» **WHAT THE EXERCISE ASKS**: Here the job is to print only the lines from the one containing "BOHME Joey Striped" to the end of the entries, both included, exactly as they stand, with pictures excluded.

» **Data records**:
-.-.-

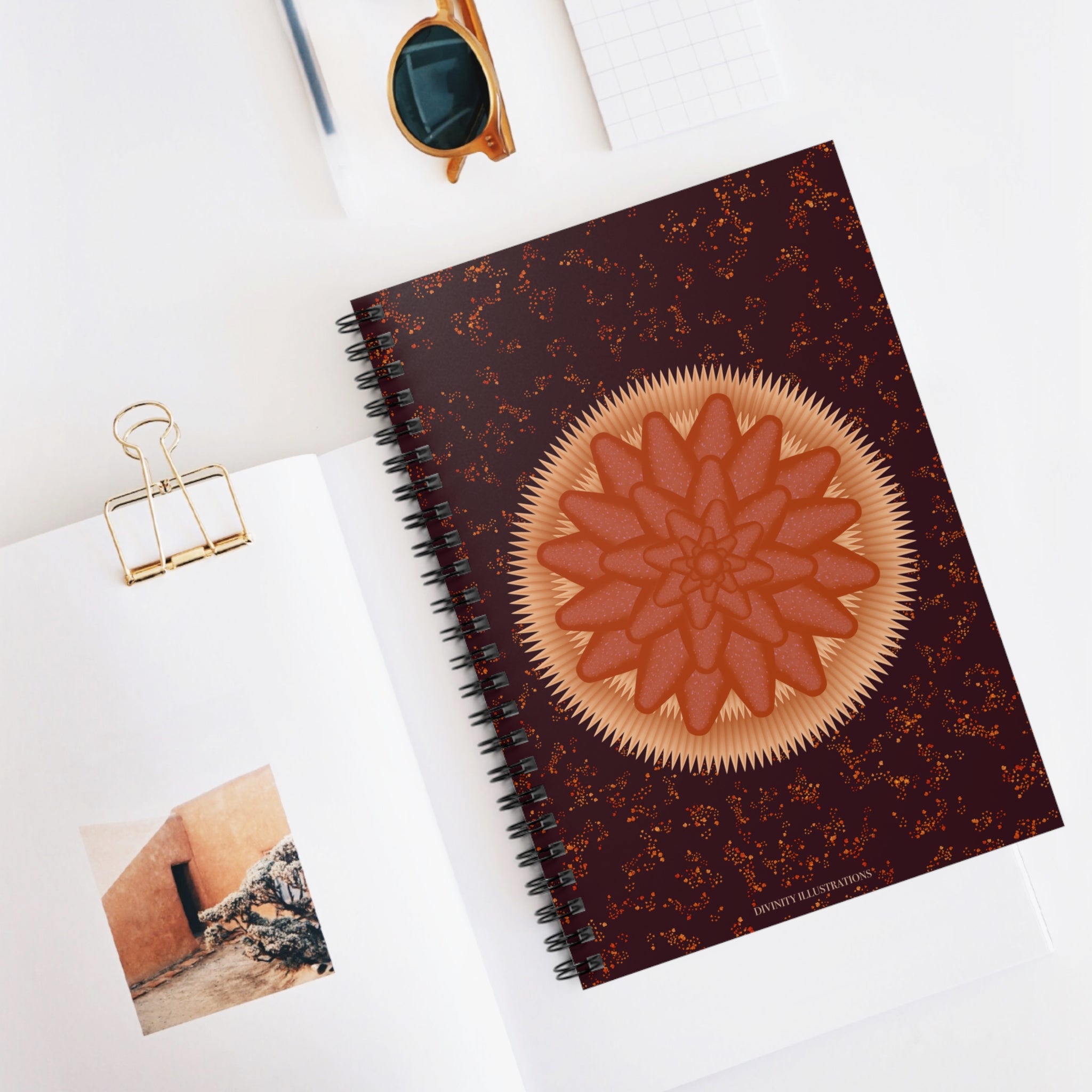 Autumn Bloom Lined Spiral Journal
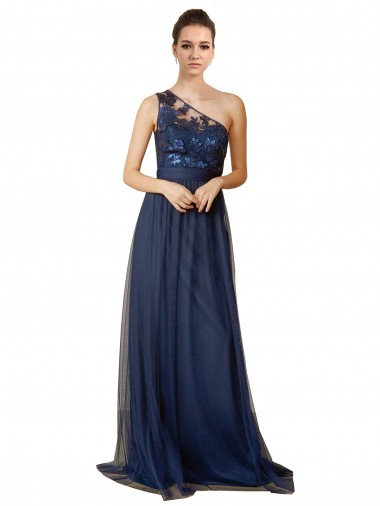 Vendeurs de Bleu marine foncé Trapèze Balayage train Tulle Longue Robes demoiselle d'honneur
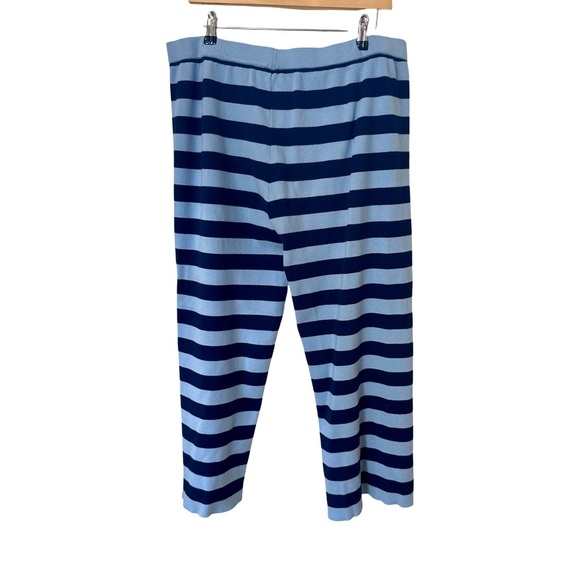 BOHME Joey Striped Wide Leg Pants in Navy Size XL Worn Once - Picture 6 of 9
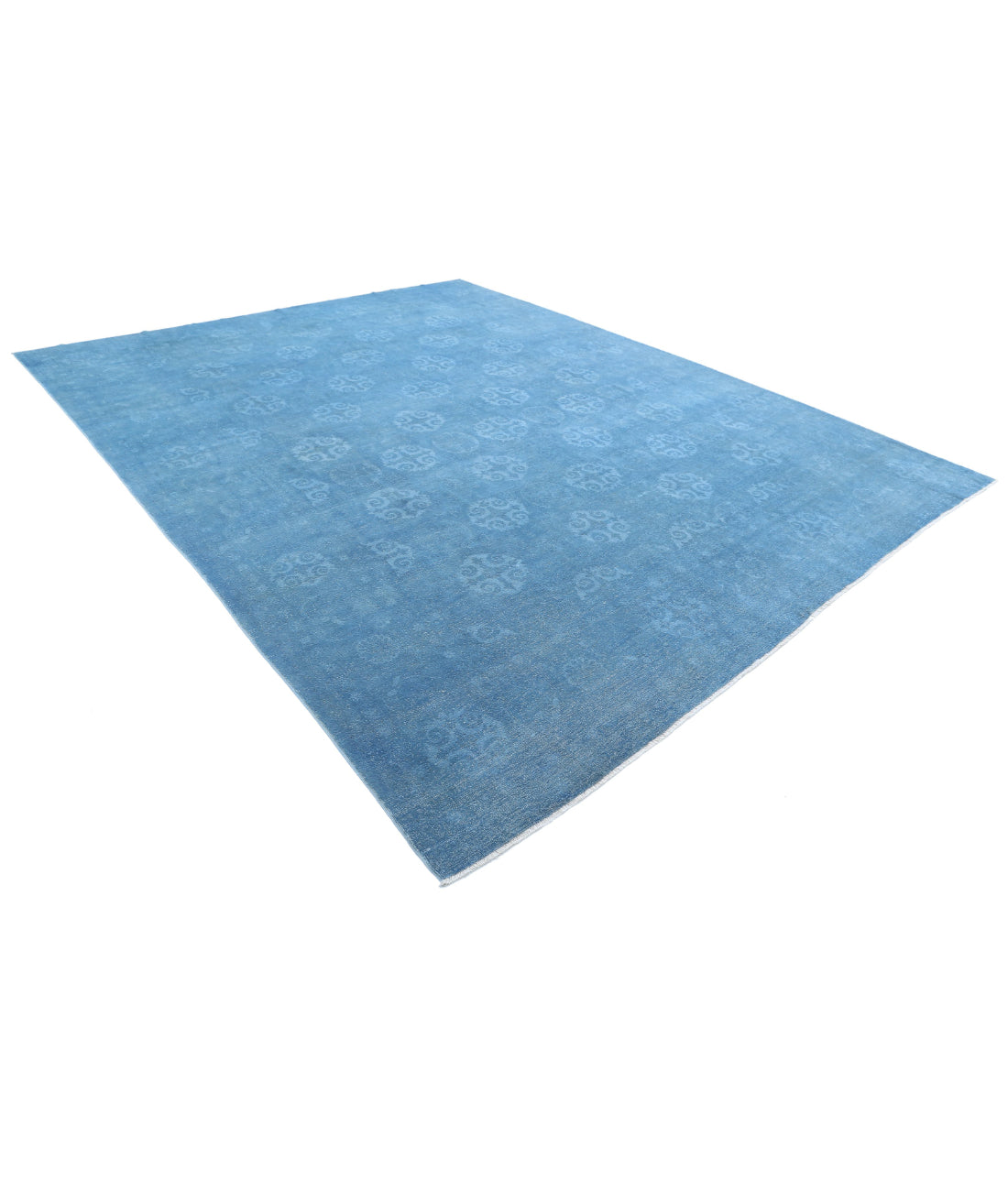 Hand Knotted Overdye Wool Rug - 9'10'' x 12'7'' 9'10'' x 12'7'' (295 X 378) / Blue / Blue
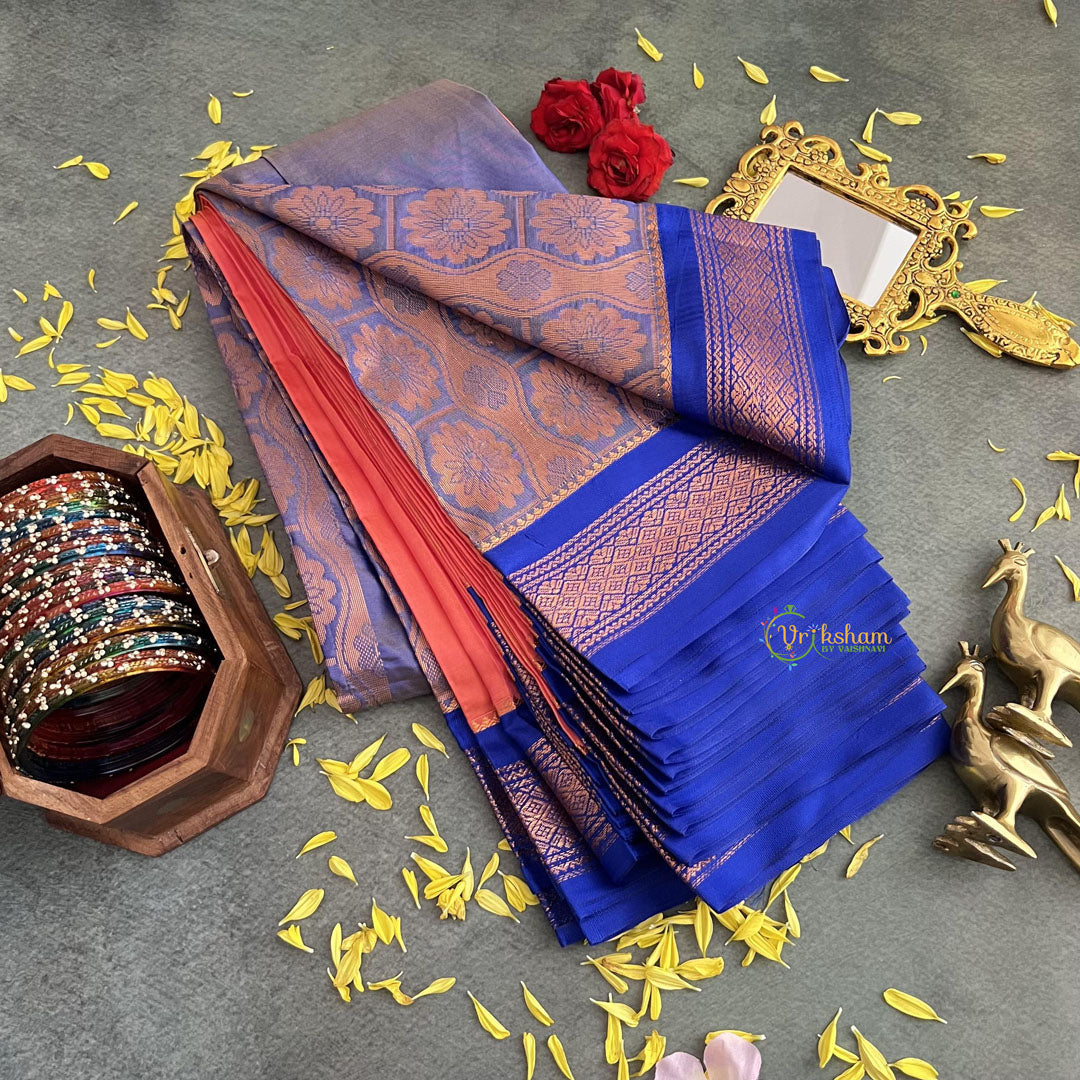 Peach with Blue Border Semi Soft Silk Saree-VS4020 – vrikshamindia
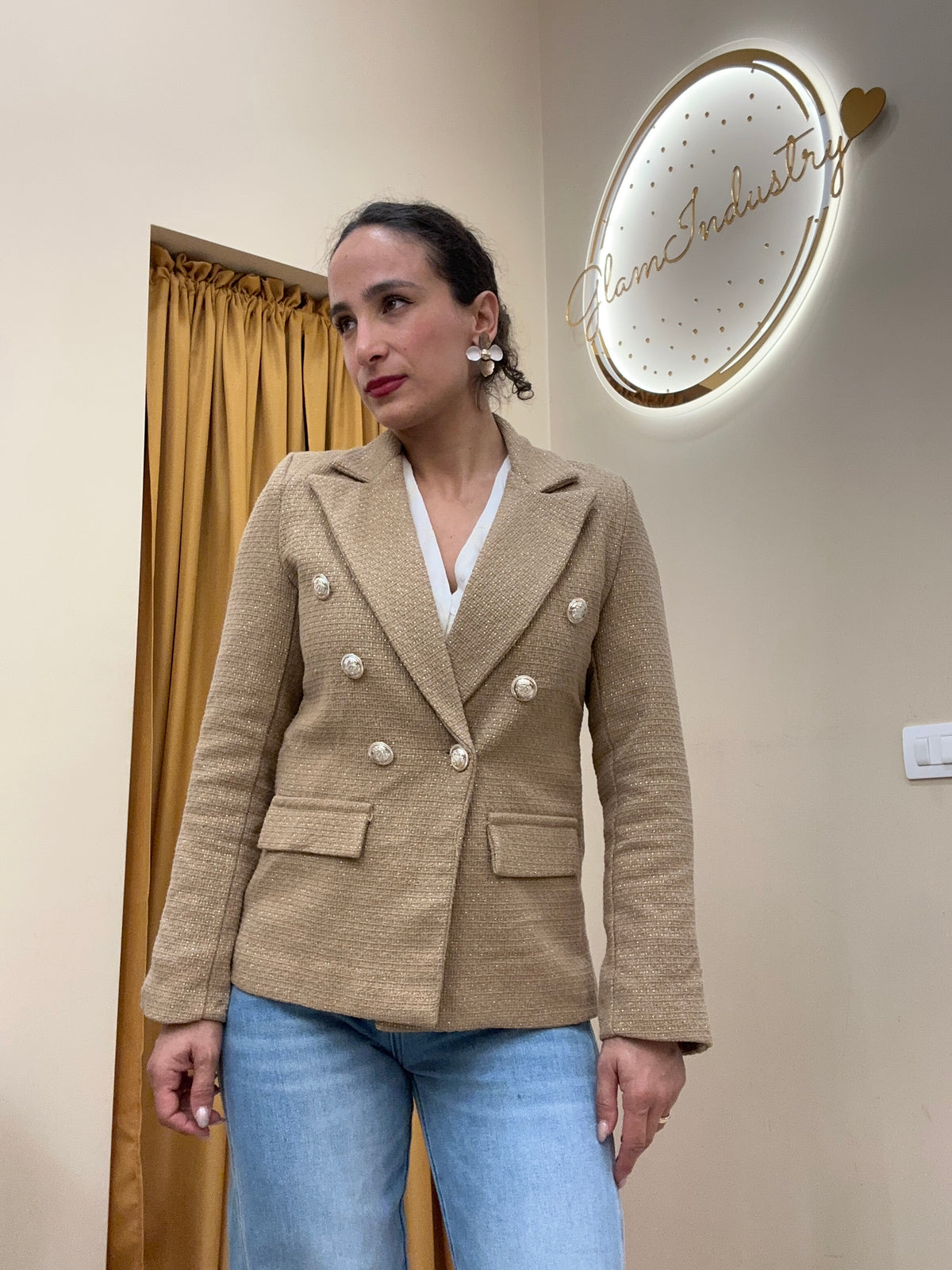 Blazer strutturato Camel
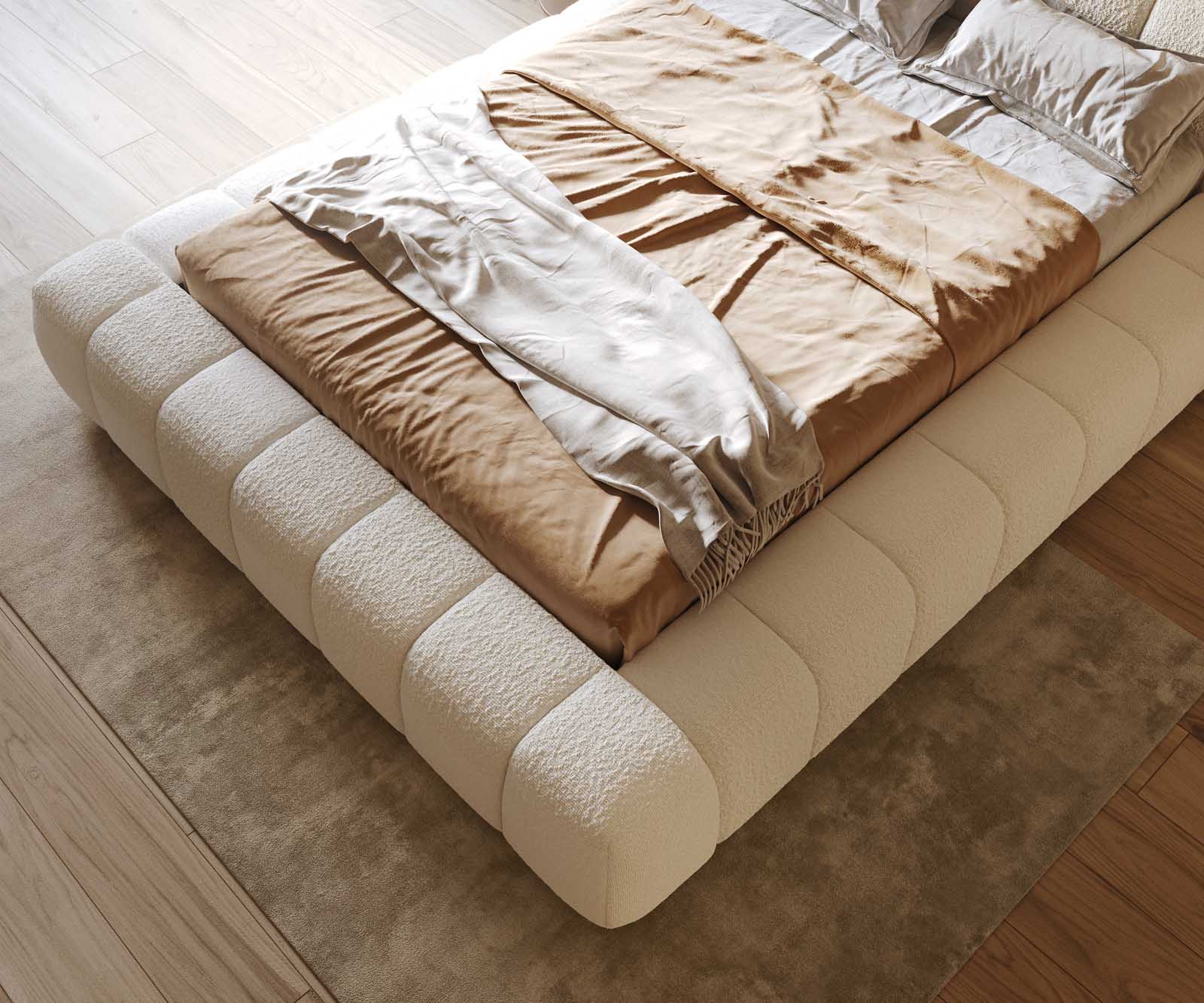 Polsterbettgestell Cutio 140x200 cm Bouclé Creme-Weiß 5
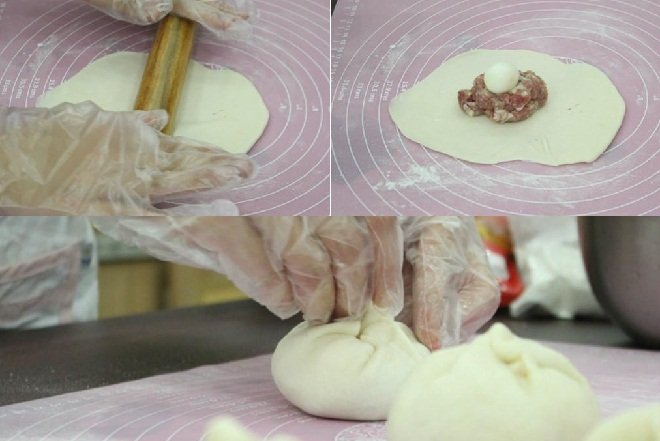 cách bọc nhân thịt vào vỏ bánh bao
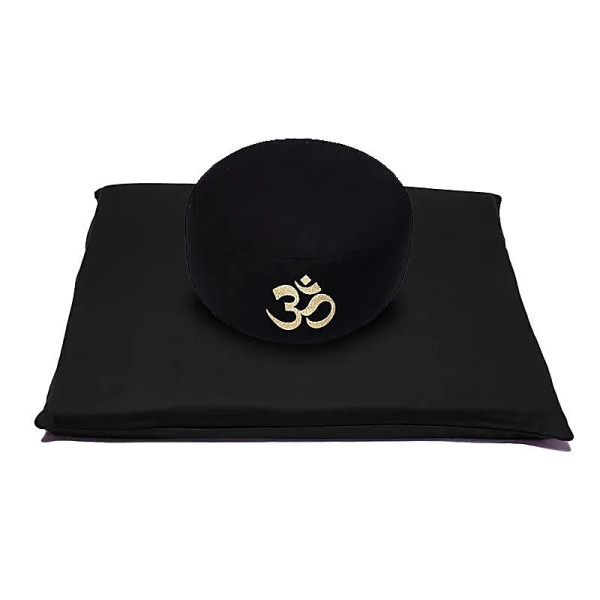 Set de méditation Black OM coton bio (OCS) -- 65x65cm ； 2339g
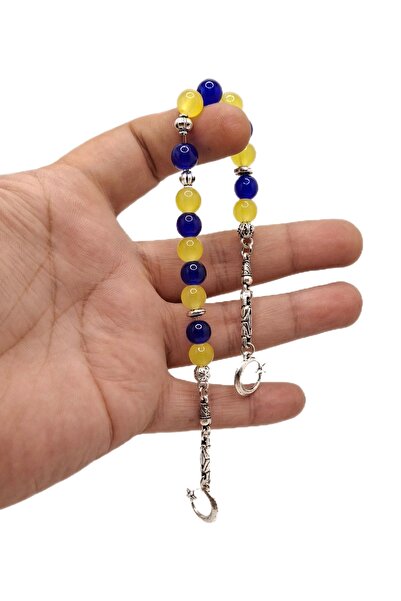 Han Ticarethane مسبحة زازا زجاجية خاصة لمروحة الفريق باللون الأصفر والأزرق ال...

-.-.-

» **SOLUTION TO THE PROBLEM**:
 BOHME Joey Striped Wide Leg Pants in Navy Size XL Worn Once - Picture 6 of 9
 Hand Knotted Overdye Wool Rug - 9'10'' x 12'7'' 9'10'' x 12'7'' (295 X 378) / Blue / Blue
 Peach with Blue Border Semi Soft Silk Saree-VS4020 – vrikshamindia
 Blazer strutturato Camel
 Polsterbettgestell Cutio 140x200 cm Bouclé Creme-Weiß 5
 cách bọc nhân thịt vào vỏ bánh bao
 Set de méditation Black OM coton bio (OCS) -- 65x65cm ； 2339g
 Han Ticarethane مسبحة زازا زجاجية خاصة لمروحة الفريق باللون الأصفر والأزرق ال...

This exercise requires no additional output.